Kami tidak terlalu bahkan memang tidak pernah mengeluh samasekali ketika malam-malam adalah gelap. Tidak seperti kalian yang menikmati segala tawaran arus listrik dan cahaya kapan saja. Gelap beberapa saat saja sudah mau 'matmampos'. Eh, bukankah gelap itu saat-saat paling nikmat? Tulis puisi untuk pacar, misalnya. Ya, kalau untuk yang satu ini sih, puisi sekaligus cahaya dalam gelap sekalipun. Coba saja!

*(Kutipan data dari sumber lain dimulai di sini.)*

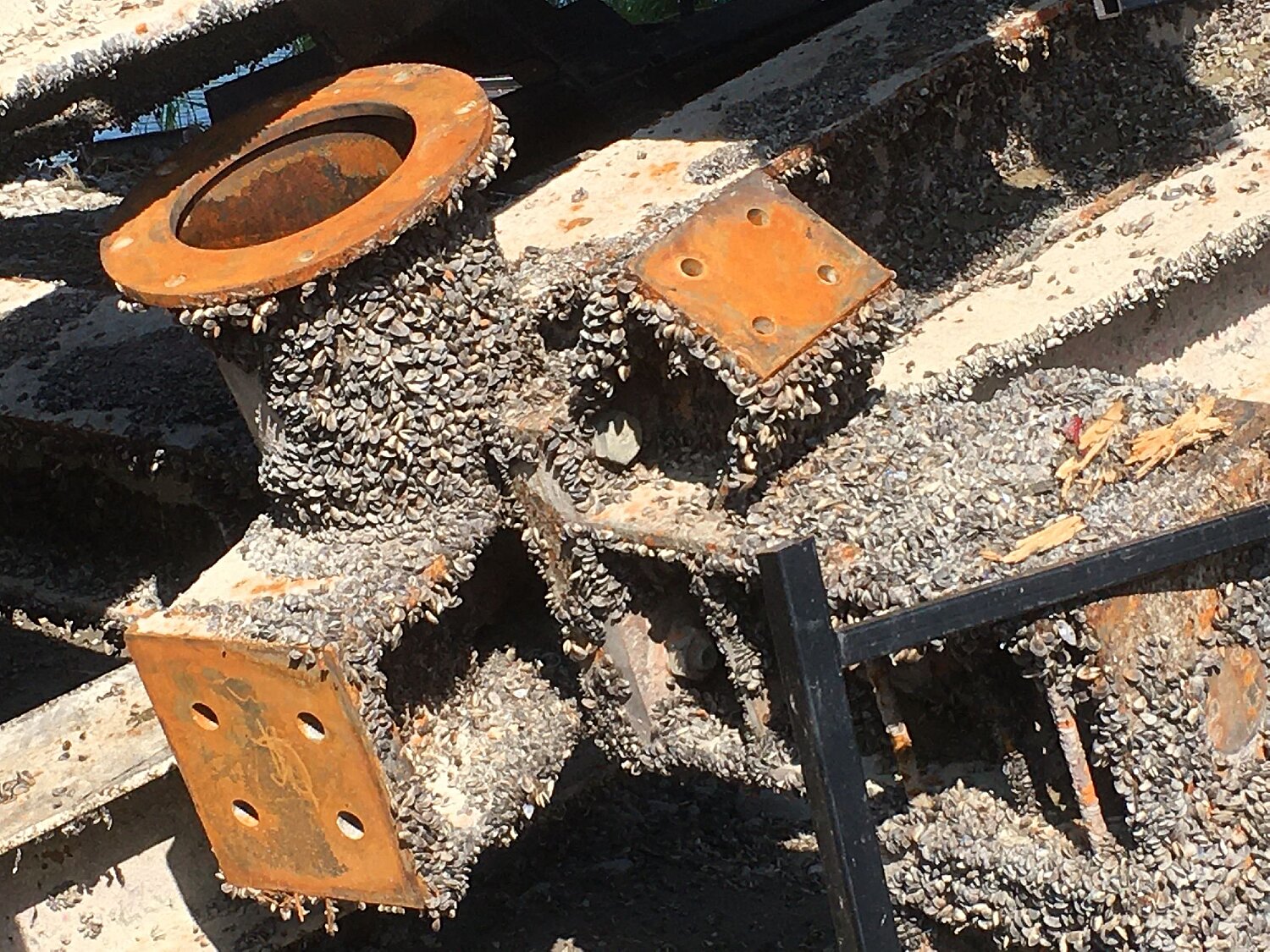 Dicht mit Quaqqamuscheln bedeckte Rohre.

So, orang-orang Jakarta jang marah-marah, juga Bapak Presiden Joko Widodo jang marah-marah lai itu petugas PLN dorang! Marahlah kami ketika semesta beri matahari dan purnama, tapi kami masih malas membaca! Marahlah kami ketika buku-buku dirazia, dijarah, direbut, dihanguskan, tapi masih saja malas menulis!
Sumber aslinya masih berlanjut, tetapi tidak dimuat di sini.